Sunday, July 20, 2008

Silver Railings – a Photographic Study – Part II

It was a dark and stormy night… well not really, as I was fortunate that on one evening during the week I was able to get some evening captures of the metal railings series in the ‘Garden of Provinces’ Park in order to complete the study of light on metal railings during the early morning evening and at night lights.

Please take the time to look at the complete set, which comprises 20 images of the metal railings under different skys and viewpoints and a few other interesting areas of the park. Link provided below.

Silver Railing Study

I would be a pleasure to hear your views on how well this photographic series is able convey the different moods or unique perspectives by looking at just one type of object.

This is the first time I have ever undertaken a photographic study of metal objects under different lighting situations and in fact probably the first time I have ever done such a narrow focus on one theme.

It was good thing that I had driven by the park and observed the railing over many occasions as by the time I had finally decided to undertake this photographic series I was eager to start the project. This made me excited about exploring the railing structure for unique ways to frame them and also how I could use the reflected light to create contrast and form.

f7.1 1/200SEC –1.33EV, @105mm, Nikon 18-200mm f3.5 vr

There is something about the above image that makes this one of my favorites. Not really sure why, but the warm glow of the pot lights with the single railing picking up the up in the cool blue of the sky creates colour contrast and I guess that fact that one of the lights is out is what adds the special charm for me.

While the above image has warmth and softness, the blow image of a section of the railings is made extra hard and sharp in texture by the application of a strong S curve and then ensuring the highlights in the background are nearly blown-out.

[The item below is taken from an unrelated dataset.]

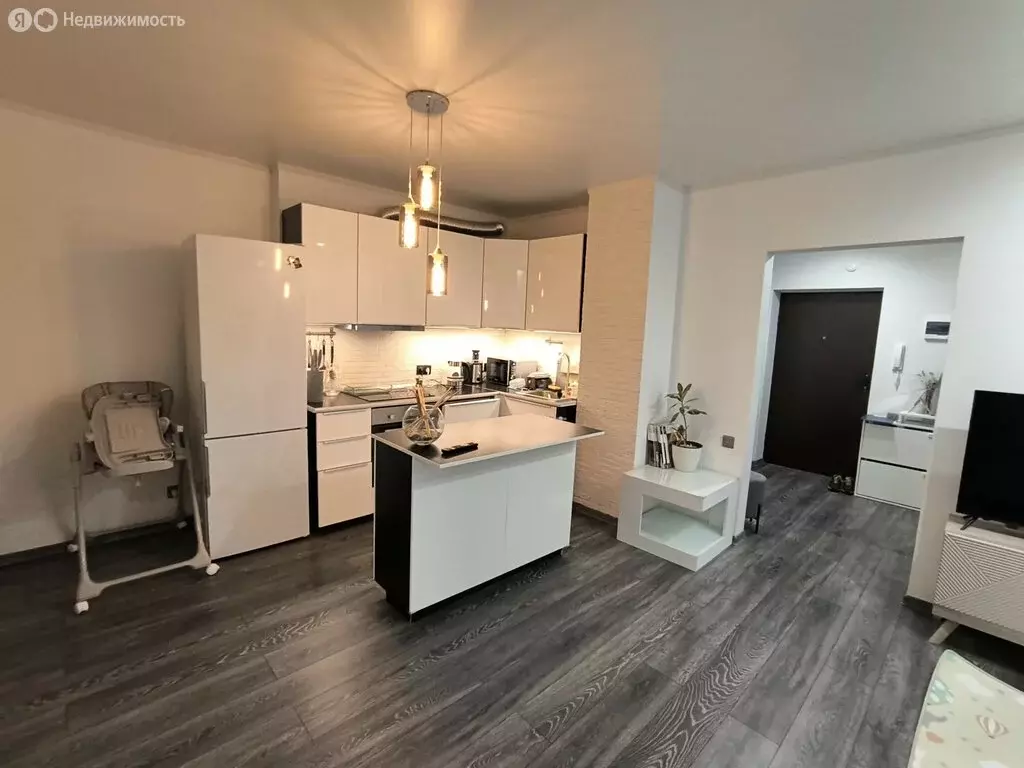 Квартира-студия: Ростов-на-Дону, Таганрогская улица, 132/3 (41.9 м) - Фото 1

f10.0, 1/200. –1.333ev, iso 200, @130mm, Nikon 18-200mm f3.5 vr

Some Thoughts on Taking Photos of Reflective Objects

Most metal at least if not all rusted is highly reflective. It is easy for the camera fooled by some of the over bright specular areas. If these parts are important tones in the image then it is prudent to reduce the exposure setting to ensure that no detail is lost.

For most of the direct sunlight images I applied exposure compensation in the range of -1.75 to -1.0ev.

With chrome I did not need a lot of subtle tones in both ends of the tonal spectrum and therefore except for a few there was not need for bracketing of images.

The Nikon 18-200mm f3.5 lens provided good coverage to be able to capture different fields of view for isolating compositional elements. The 70-200mm f2.8 was useful for limiting DOF for a few of the images.

A tripod is necessary even early in the morning as there was not enough light to hand hold, especially if I needed greater DOF.

f8.0, 4sec, -1 ev, iso200, @200mm, Nikon 70-200mm f2.8 vr

The above image is actually 2 images combined to show both the reelection of the red and green traffic light. I did try to capture an image as the light changed, but it was hard to time right and the colours where more muted as they were on only for have the time. I did cool the tone a bit, as I wanted more blue than a green tone to contrast better with the red.

Visiting a site several times and at different lightening styles really helps to see different compositions that were not apparent during one of the light modes. That was probably the best benefit of going multiple times to the same location. Each time I found something new that I had not seen before, even if I had walked previously by it.

f20.0, 1/400sec, iso200, @70.0mm, Nikon 18-200mm f3.5 vr

I liked how the sun was just highlighting the left edges of these black painted posts, otherwise it would have been a continuous black mass. The shadows almost give them an appearance of marching along.

I had taken several shots of these benches in the early morning light. I preferred the image with the 2 benches as the image of the singular bench had more texture visible in the wood, but the composition seemed a little bland. I left the dark bottom corner in as I wanted to try and create 3 elements for the image and by being dark it also doesn’t take your view as much out of the scene.

f7.1, 1/200sec. –1.67ev, @130mm, Nikon 18-200mm f3.5 vr

In the last couple of months I haven’t taken as many images as I would have expected during this great time of the year. Deciding to undertake this project did help to get me out and photograph more, but most importantly while taking these images it also got me thinking about other projects that might be interesting.

Any sort of creativity, even viewing other’s work, helps to expand your own creative style and mental juices.

I have mentioned before the importance of finding a suitable project. I still encourage you to find something that you travel by almost every day catches your interest and that you could explore in the different moods of light

Niels Henriksen


Davidlind said...

I enjoy and appreciate the way you get into the details and the process of taking photos.

Fernando Matias Photography said...

I found your site by following a post you put up on DPS. I was surprised to see a familiar rail in this post, and you even mentioned it was from "The Garden of Provinces", which I know all too well. I did not realize you were also from Ottawa until then.
Just a friendly hello from a fellow Ottawa photographer!

nielsp said...

Thanks Fernando.

Maybe we'll meet for a photo walk about one day.